Fed is banking on phony wealth effect

By J Saft
October 7, 2010

The Federal Reserve is committed to enticing Americans into doing once again what worked out so badly in the last decade: spending the phony paper gains engineered by overly loose monetary policy.

That, at least, is the very strong impression given by a speech by Brian Sack, the markets chief of the New York Federal Reserve, a man whose job it will be to implement the second round of large-scale quantitative easing coming after the elections in November.

A round of speeches from key Fed officials has given the clear view that, faced with deteriorating conditions and trapped by the lower bound of zero in its monetary policy, the Fed is preparing to once again buy up large amounts of Treasuries, perhaps even more than the government is issuing on an ongoing basis, in an attempt to drive down market interest rates and stimulate the economy.

Will that do any good, given that people generally do not want to borrow and the banking system is impaired?

“Balance sheet policy can still lower longer-term borrowing costs for many households and businesses, and it adds to household wealth by keeping asset prices higher than they otherwise would be,” Sack said in a speech in Newport Beach, California on Monday.

“It seems highly unlikely that the economy is completely insensitive to borrowing costs and wealth, or to other changes in broad financial conditions.”

So, there you have it: pump up asset prices and hope that people spend some of the ephemeral gains. The idea that people will spend more if their houses and other assets rise in value is called the wealth effect, but this policy creates only pretend wealth.

In fact, many people in the U.S. now face diminished retirements and generally straitened circumstances precisely because they mistook the rising prices of their house and Internet stocks for wealth and spent or borrowed against it. Is the U.S. actually so desperate for economic activity that this is the best it can do? Apparently so.

“When will these guys ever learn that maybe, just maybe, these Fed policies aimed at targeting asset prices at levels above their intrinsic values is probably not in the best interests of the nation?” Dave Rosenberg, chief economist and strategist at Gluskin, Sheff wrote in a note to clients.

CALLING DR RICARDO

So, now that the strategy is clear the question is will it work? So far, the promise of QE seems to be affecting the term premium in debt markets, reducing longer-term funding costs, and stock market traders also seem to think it will be good for equities.
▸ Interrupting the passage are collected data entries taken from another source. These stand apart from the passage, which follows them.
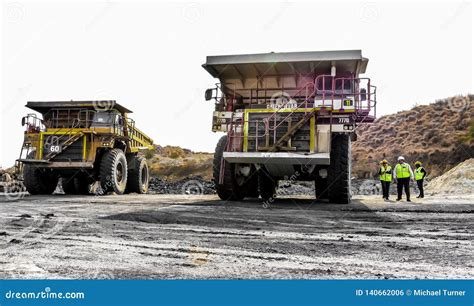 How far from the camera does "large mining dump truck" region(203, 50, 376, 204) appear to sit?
9.48m

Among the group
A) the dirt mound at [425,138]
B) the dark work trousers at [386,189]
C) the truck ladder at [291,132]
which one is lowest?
the dark work trousers at [386,189]

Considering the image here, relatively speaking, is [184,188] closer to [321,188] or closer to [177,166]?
[321,188]

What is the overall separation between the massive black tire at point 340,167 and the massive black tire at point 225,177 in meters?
2.10

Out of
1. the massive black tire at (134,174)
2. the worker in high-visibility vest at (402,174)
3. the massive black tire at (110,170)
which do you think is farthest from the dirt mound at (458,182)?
the massive black tire at (110,170)

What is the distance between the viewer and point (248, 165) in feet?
33.3

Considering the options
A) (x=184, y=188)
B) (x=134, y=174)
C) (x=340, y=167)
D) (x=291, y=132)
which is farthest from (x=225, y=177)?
(x=184, y=188)

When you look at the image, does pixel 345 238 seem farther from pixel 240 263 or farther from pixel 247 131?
pixel 247 131

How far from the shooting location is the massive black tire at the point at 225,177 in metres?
10.3

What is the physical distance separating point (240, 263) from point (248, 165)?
613cm

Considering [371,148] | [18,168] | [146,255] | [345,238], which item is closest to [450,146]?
[371,148]

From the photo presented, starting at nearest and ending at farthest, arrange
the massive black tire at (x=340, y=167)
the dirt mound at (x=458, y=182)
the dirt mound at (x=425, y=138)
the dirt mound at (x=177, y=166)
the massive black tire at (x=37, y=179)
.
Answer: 1. the massive black tire at (x=340, y=167)
2. the massive black tire at (x=37, y=179)
3. the dirt mound at (x=458, y=182)
4. the dirt mound at (x=425, y=138)
5. the dirt mound at (x=177, y=166)

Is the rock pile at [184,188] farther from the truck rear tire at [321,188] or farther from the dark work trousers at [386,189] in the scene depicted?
the truck rear tire at [321,188]

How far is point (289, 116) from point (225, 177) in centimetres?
197

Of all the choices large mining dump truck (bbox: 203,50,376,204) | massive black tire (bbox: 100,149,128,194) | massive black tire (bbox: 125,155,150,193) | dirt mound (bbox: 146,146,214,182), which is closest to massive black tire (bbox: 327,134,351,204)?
large mining dump truck (bbox: 203,50,376,204) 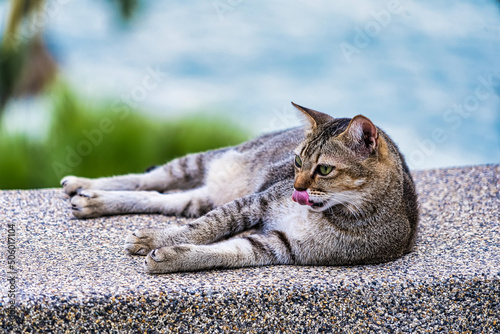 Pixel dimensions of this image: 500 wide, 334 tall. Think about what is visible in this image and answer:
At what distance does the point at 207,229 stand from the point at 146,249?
253 mm

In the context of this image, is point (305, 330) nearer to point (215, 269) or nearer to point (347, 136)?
point (215, 269)

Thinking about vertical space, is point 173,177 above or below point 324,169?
below

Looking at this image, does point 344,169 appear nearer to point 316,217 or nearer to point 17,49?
point 316,217

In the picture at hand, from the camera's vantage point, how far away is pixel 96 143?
528cm

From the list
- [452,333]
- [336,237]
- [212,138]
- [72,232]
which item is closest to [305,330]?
[336,237]

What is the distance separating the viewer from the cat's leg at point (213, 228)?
2373mm

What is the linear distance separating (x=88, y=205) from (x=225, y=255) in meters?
0.88

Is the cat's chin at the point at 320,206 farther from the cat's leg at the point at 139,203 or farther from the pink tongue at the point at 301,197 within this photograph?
the cat's leg at the point at 139,203

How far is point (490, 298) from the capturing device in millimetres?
2230

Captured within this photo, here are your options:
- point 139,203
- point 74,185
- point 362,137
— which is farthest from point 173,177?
point 362,137

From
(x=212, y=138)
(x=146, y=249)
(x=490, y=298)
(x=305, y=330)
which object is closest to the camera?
(x=305, y=330)

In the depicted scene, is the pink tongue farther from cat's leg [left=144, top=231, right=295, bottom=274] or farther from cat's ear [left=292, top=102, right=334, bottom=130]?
cat's ear [left=292, top=102, right=334, bottom=130]

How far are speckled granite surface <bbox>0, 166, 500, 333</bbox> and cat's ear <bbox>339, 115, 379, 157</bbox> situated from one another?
A: 18.5 inches

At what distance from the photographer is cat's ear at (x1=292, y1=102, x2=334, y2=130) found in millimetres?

The reality of QE when it arrives may be a bit different: debt markets are less dislocated than last time and so the value of the balm will be less, while stocks are far more richly priced.

A more interesting question is how households and businesses react to the paper wealth if the Fed is successful in creating it. Businesses may use their newly rich equity prices to go and buy other businesses, especially ones with actual resources attached, such as mining companies. They will be less interested in investing in new production unless they see strong signs from households that they are interested in buying more again.

For households, you have to wonder if there is a sort of Ricardian equivalence that applies to manufactured asset price inflation caused by QE or otherwise loose monetary policy. Ricardian equivalence is the controversial idea that consumers realise the fiscal constraints of their governments and will, for example, not spend a tax rebate if they know it means a tax rise down the road. Would they similarly not spend asset gains they see as false?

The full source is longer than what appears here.